Lors de cette audience, un document médical présenté par le médecin de Mutamba a été lu, indiquant que ce dernier ne pouvait comparaître en raison de son état de santé. Cependant, cette justification a rapidement été contestée par le ministère public, qui a remis en question sa validité.
Le procureur a rejeté la crédibilité de l’attestation médicale, affirmant qu’elle ne respectait pas les normes en vigueur. « Même un étudiant de première année de graduat sait qu’une attestation médicale doit être signée par trois médecins », a-t-il lancé, soulignant le manque de conformité du document présenté.
En parallèle, le ministère public a lu une correspondance attribuée à Constant Mutamba, adressée à un officier chargé de lui notifier sa citation à comparaître. Ce courrier, jugé offensant, visait le colonel dépêché pour cette mission, et a alimenté les tensions lors de l’audience.
L’absence de l’ancien ministre a relancé le débat sur la transparence et la crédibilité des procédures judiciaires dans cette affaire sensible. La cour doit désormais décider des suites à donner, notamment en ce qui concerne la possibilité de poursuivre le procès en son absence ou d’ordonner sa comparution forcée.

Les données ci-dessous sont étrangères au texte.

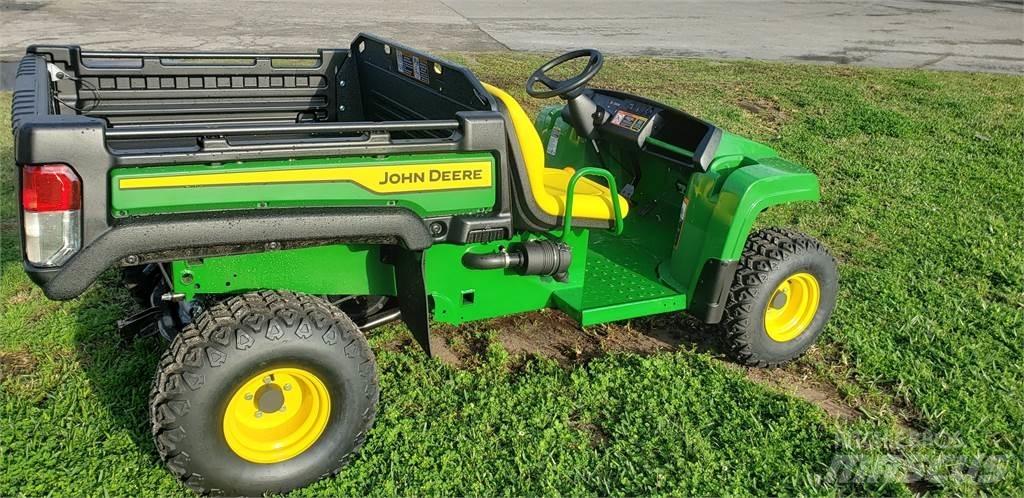 John Deere TX Kommunaalteenuste tehnika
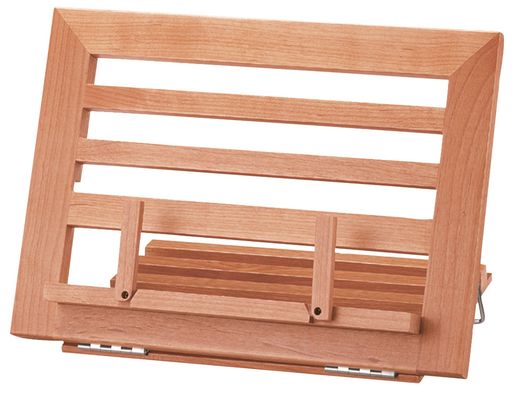 Atril Sujetalibros Madera L-32L 340X240X170Mm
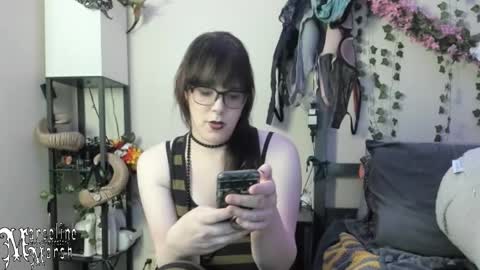 Marceline online show from 01/15/26, 05:34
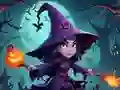 Oyunu Sinister Witch Rescue çevrimiçi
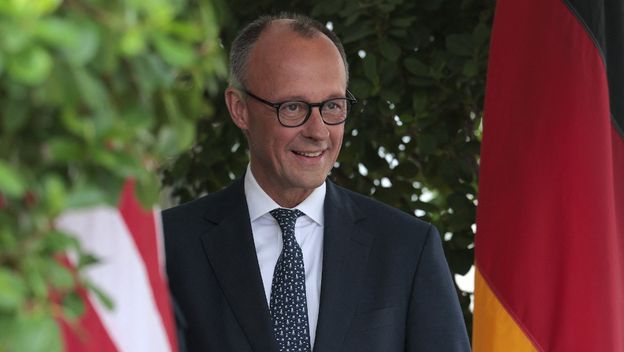 Friedrich Merz
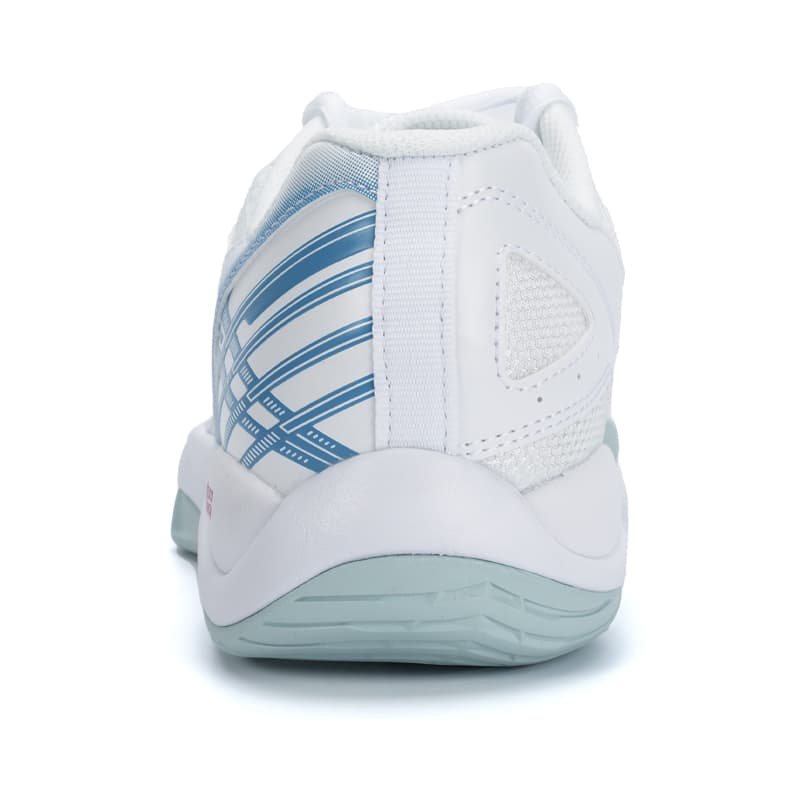 Кроссовки для бадминтона Кроссовки для бадминтона Mizuno WAVE SMASH низкий топ ледяной синий унисекс - изображение 4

Ce procès, très médiatisé, continue de diviser l’opinion publique, certains dénonçant une instrumentalisation judiciaire, d’autres appelant à la transparence totale dans le traitement de cette affaire. La Cour d’appel de Kinshasa reste sous pression pour rendre une décision équilibrée et conforme aux règles juridiques en vigueur.
Les prochains jours seront décisifs pour l’évolution de cette procédure, qui continue de capter l’attention de l’opinion nationale et internationale.